▸ **ACTIVITY**: In the entries that follow, the lines from the one with "Car quick-dry touch-up" through the one with "A person transforming" are the ones to write out, exactly and with both ends included. Nothing else should appear.

▸ **RECORDS SHOWN**:
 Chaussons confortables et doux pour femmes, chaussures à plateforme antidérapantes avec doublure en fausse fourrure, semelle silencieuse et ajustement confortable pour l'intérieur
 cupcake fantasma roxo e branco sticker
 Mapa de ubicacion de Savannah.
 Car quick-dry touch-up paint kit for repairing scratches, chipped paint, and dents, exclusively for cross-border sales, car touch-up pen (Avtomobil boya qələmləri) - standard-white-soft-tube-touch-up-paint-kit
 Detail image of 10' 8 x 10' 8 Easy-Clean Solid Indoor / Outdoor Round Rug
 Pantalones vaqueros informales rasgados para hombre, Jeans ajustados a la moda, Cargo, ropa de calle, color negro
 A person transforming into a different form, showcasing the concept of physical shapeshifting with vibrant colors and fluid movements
* * *
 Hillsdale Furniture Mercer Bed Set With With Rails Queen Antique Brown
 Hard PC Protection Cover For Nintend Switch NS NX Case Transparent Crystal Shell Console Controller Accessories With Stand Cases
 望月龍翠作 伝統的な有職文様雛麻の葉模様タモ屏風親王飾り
==
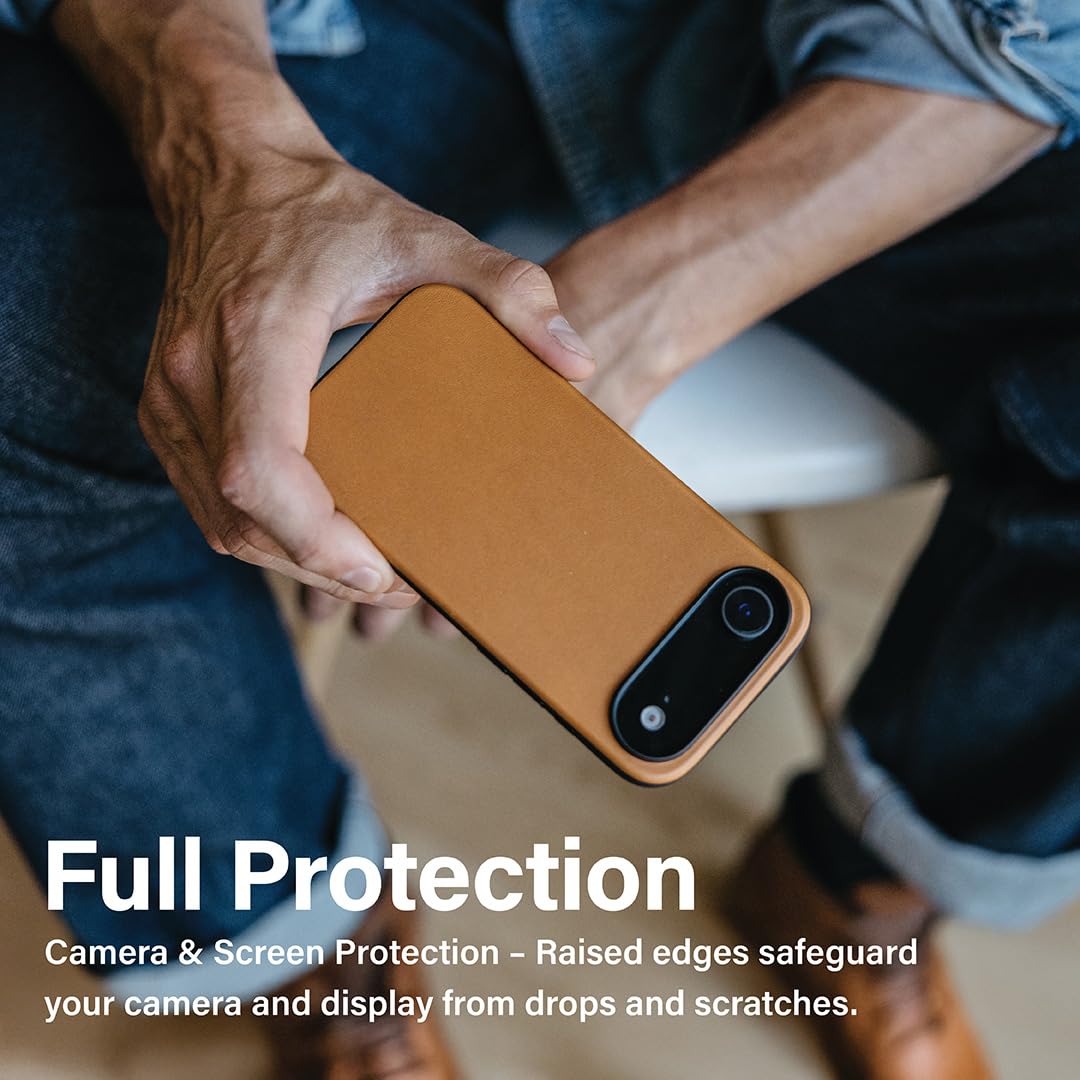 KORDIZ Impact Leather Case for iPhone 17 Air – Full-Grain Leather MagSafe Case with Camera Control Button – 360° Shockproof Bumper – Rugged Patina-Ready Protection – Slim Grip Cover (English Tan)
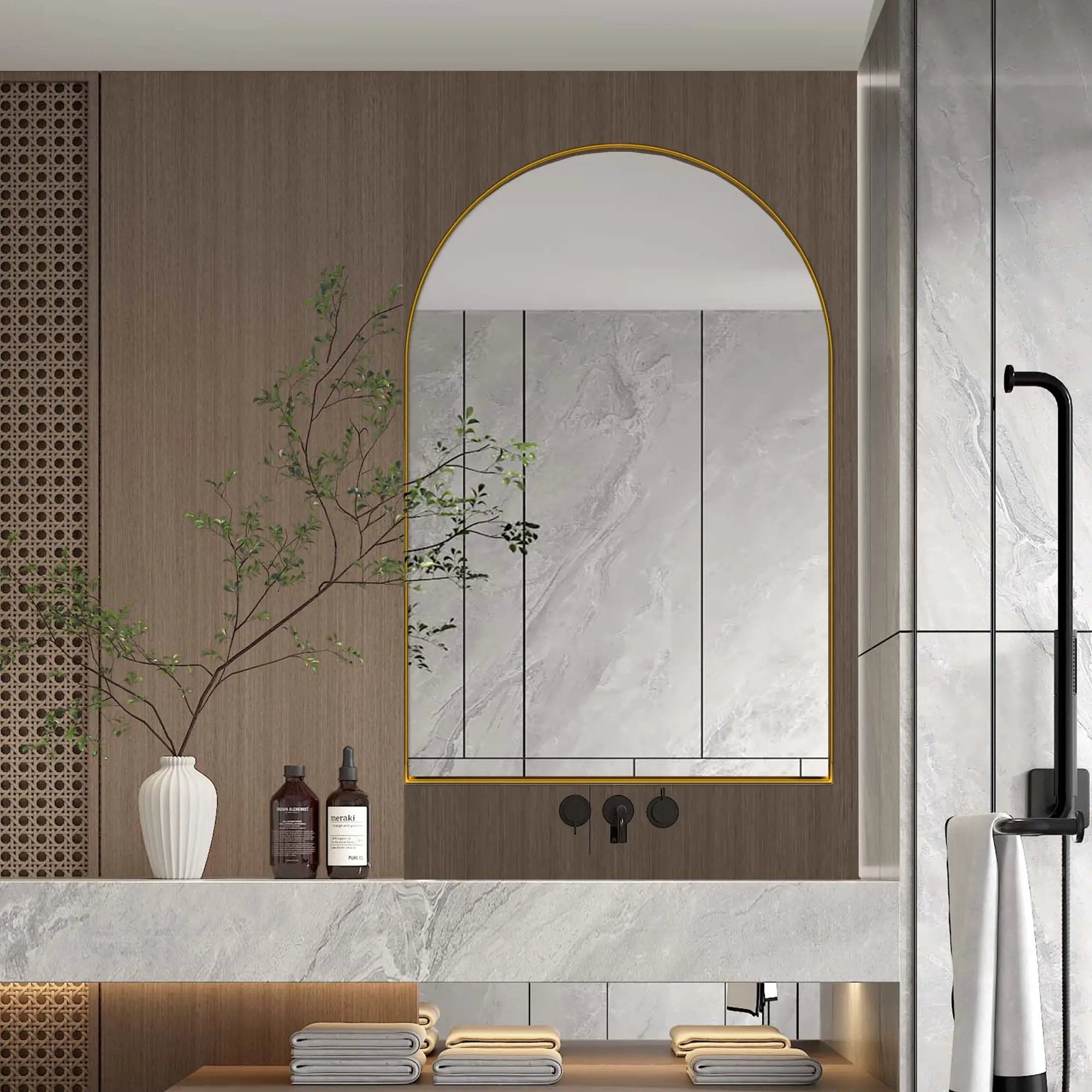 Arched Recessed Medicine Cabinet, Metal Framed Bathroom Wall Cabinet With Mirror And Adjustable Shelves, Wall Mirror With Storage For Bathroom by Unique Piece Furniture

▸ **SOLUTION TO THIS PROBLEM**:
 Car quick-dry touch-up paint kit for repairing scratches, chipped paint, and dents, exclusively for cross-border sales, car touch-up pen (Avtomobil boya qələmləri) - standard-white-soft-tube-touch-up-paint-kit
 Detail image of 10' 8 x 10' 8 Easy-Clean Solid Indoor / Outdoor Round Rug
 Pantalones vaqueros informales rasgados para hombre, Jeans ajustados a la moda, Cargo, ropa de calle, color negro
 A person transforming into a different form, showcasing the concept of physical shapeshifting with vibrant colors and fluid movements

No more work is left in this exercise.